EXTRACTED RECORDS below:
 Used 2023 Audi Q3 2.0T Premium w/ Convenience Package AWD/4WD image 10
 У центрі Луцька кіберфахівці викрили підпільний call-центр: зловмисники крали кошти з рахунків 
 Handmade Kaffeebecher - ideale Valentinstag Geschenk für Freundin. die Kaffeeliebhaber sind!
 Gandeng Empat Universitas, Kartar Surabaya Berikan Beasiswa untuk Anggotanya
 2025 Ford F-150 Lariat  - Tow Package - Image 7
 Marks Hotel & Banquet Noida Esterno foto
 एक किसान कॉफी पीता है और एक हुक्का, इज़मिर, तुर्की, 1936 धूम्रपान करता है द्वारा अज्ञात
End of EXTRACTED RECORDS.
• [ASSIGNMENT]
In the records above, some lines hold the word "Package". Say how many, and nothing more.

• [RESPONSE AREA]
2